The listing below is to be copied exactly, with pictures excluded.
-------- Information provided
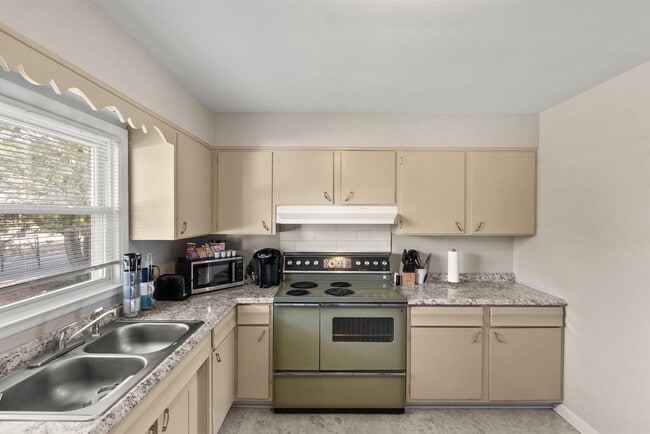 Building Photo - 131 Greenbriar Rd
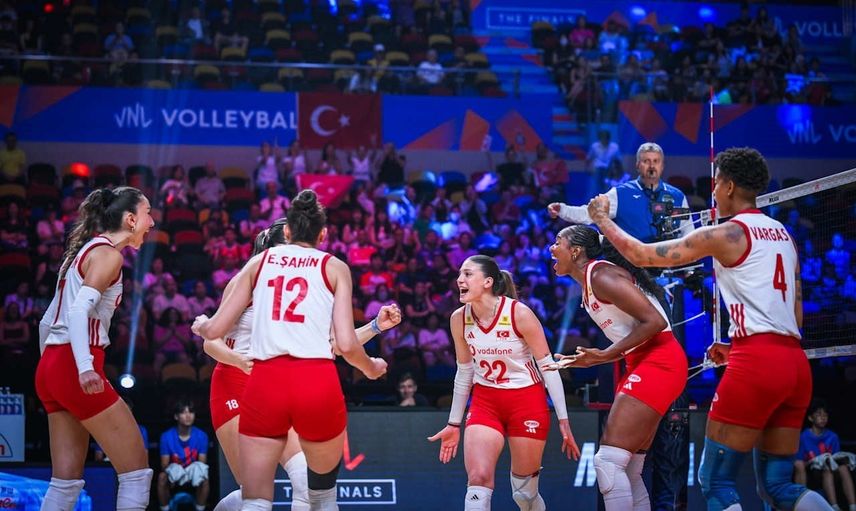 Filenin Sultanları, İstanbul'da ev sahibi avantajıyla parkeye çıkıyor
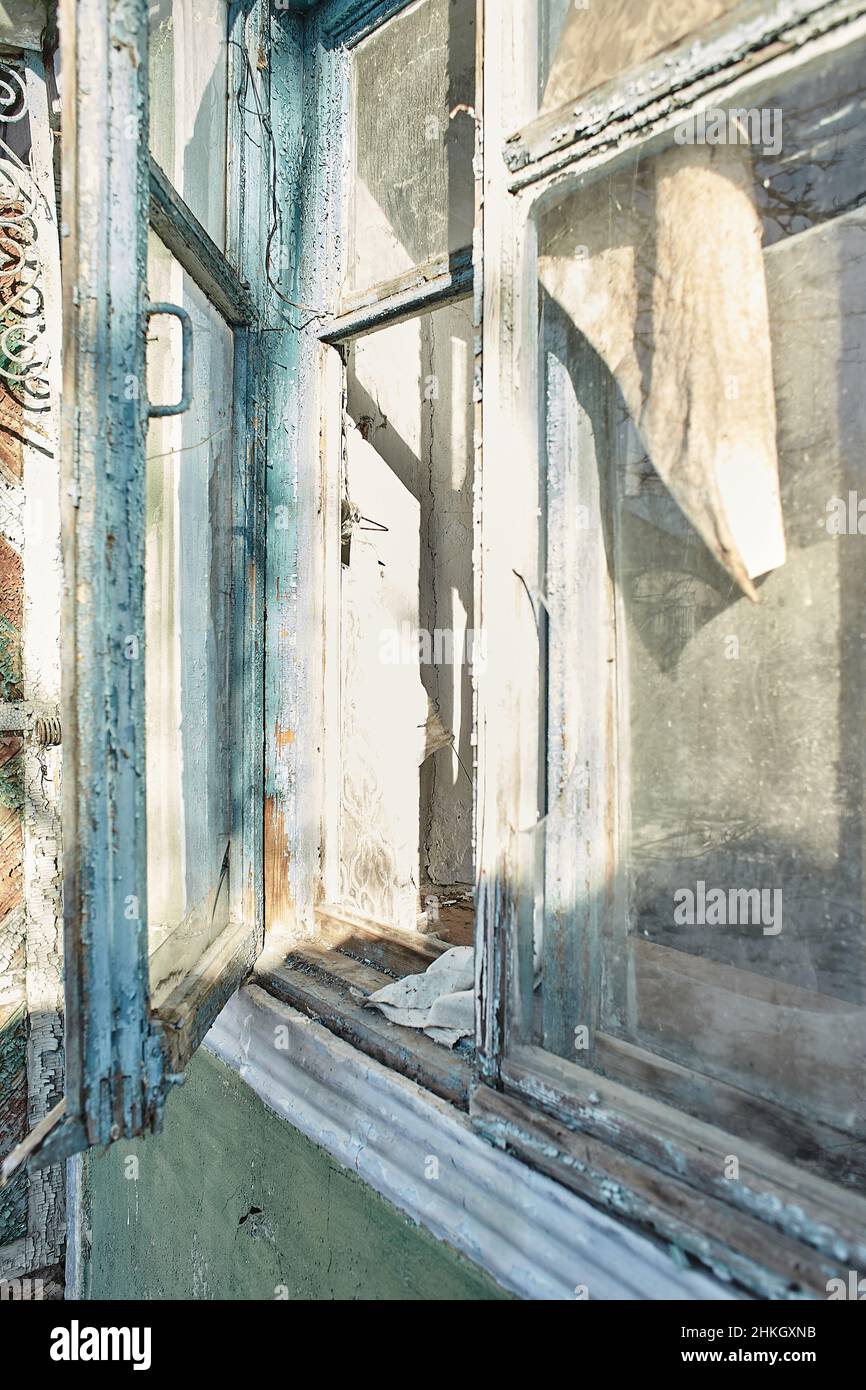 Vecchia finestra con tela di ciottoli in vecchio cortile abbandonato. Vista dall'interno Foto Stock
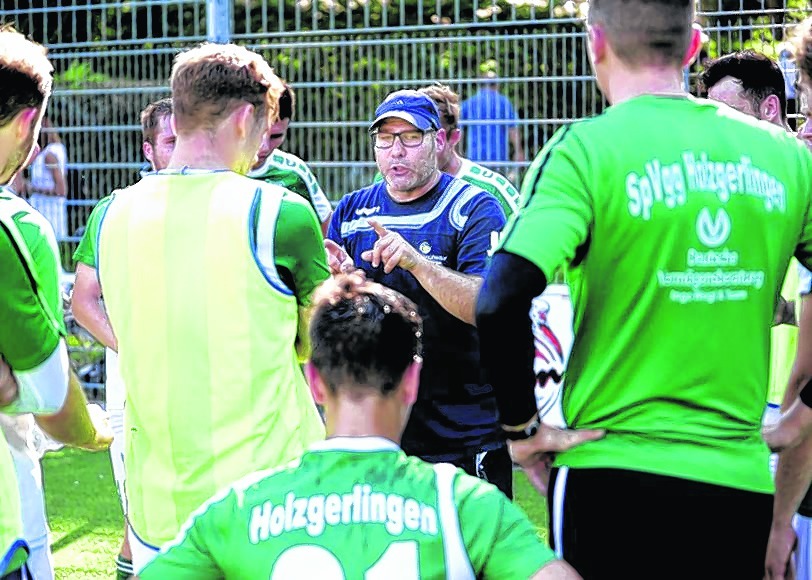 Trainer Jens-Uwe Zierer und die Spvgg Holzgerlingen kommen in der Fußball-Landesliga nicht in die Gänge. Bild: automotorart/A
----------------
§ **Output of the exercise**
 Building Photo - 131 Greenbriar Rd
 Filenin Sultanları, İstanbul'da ev sahibi avantajıyla parkeye çıkıyor
 Vecchia finestra con tela di ciottoli in vecchio cortile abbandonato. Vista dall'interno Foto Stock
 Trainer Jens-Uwe Zierer und die Spvgg Holzgerlingen kommen in der Fußball-Landesliga nicht in die Gänge. Bild: automotorart/A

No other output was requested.